What sorts of things should we look at to determine if the hiring will be successful?
Focus on the person, not the cultural aspects. While it's easy to get hung up on the fact that an employee is from a different country, in reality the company culture is far more important.
- How he communicates
- How he works with a team
- How he deals with stress
Country Culture vs. Company Culture
There are so many factors on whether or not someone can adapt to a country:
- Can they handle the climate?
- Can they find a group of friends?
- Can they find a spouse?
- Will their family back home stay healthy?
There is no way to control any of these factors. Even if you ask about them, it's one thing to say, "The summers here are really hot, are you okay with that?" and another thing to actually live in 100+°F (38+°C) weather for 3 months a year, or to deal with snow for the first time. There is no way to test whether someone can adapt to these things when hiring someone from overseas.
After over a decade of living and working overseas, I have found it almost impossible to determine who will still be around in a year. I have seen people with great language and cultural awareness give up and go home after a year. And I have seen people who I thought would go home after a year have made this their home a decade later (while still struggling with the language and culture).
In my experience, people with good jobs are much happier than people without them. So focusing on making the job a plus will greatly increase the chance that they stick around and are motivated to adapt.
So focus on the company culture rather than the country culture when you interview.
Two-way Adaptation vs. Forced Assimilation
Any working environment with different cultures is going to have some friction. Even cultures as close as the US and the UK, who share a language and a long history together have very different social mores.
For instance, the English love banter. You may look at the definition and think, "What's different about that?" yet virtually every time I see an American interact with the English for the first time in a social setting, they get offended. On the flip side, the English culture isn't as open as the Americans, and are often absolutely horrified by how loud and outgoing people are, even to people they have just met.
If you expect people to assimilate to your culture, you will evaluate their ability based on how well they are adapting -- not on their ability to adapt. You are measuring them against an impossible standard for them to live up to which will lead to dissatisfaction on both sides. Focus as much on whether your company can adapt to an international worker as you do on whether the international worker can adapt to your company.
Finding a Good Fit
A great way to see if they fit your culture is having a chat like Lee Abraham suggested:
instead of an interview where you sit down and do a formal question and answer session you try to have a conversation with the candidate. Ask them questions and encourage them to do the same but try to have an actual conversation with them instead of just you asking questions and them giving a formal and likely well rehearsed answer.

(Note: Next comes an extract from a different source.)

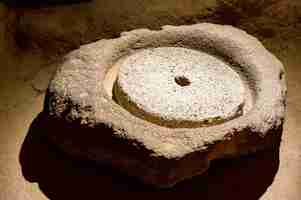 Photo close up of ancient turkish stone mill to grind grain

Each company has its own culture, and each team has a different way of working. Figuring out how the candidate deals with regular aspects of doing the job is the best way of figuring out if they will fit with your team. The three main areas are:
Here are some sample questions/topics you can bring up in the interview to get a good idea of the candidate's 'soft skills':
Find out how the person communicates. Do they take an active role? Are they more passive? Do they ask for help when they need it? Do they expect to be micromanaged? Do they express disagreement openly?
Find out how the person works with others. Do they expect to play follow the leader? Do they work better with a flat structure? Do they like bigger teams, or prefer working alone? Do they create social bonds with team members to build trust, or view it as a practical professional relationship only?
Find out how the person deals with problems. Do they hide the issue until it becomes obvious? Do they panic when things get tough? Do they work better under pressure? Do they have a habit of giving up? Do they depend on others to lead them through a tough time, or do they become more self-reliant?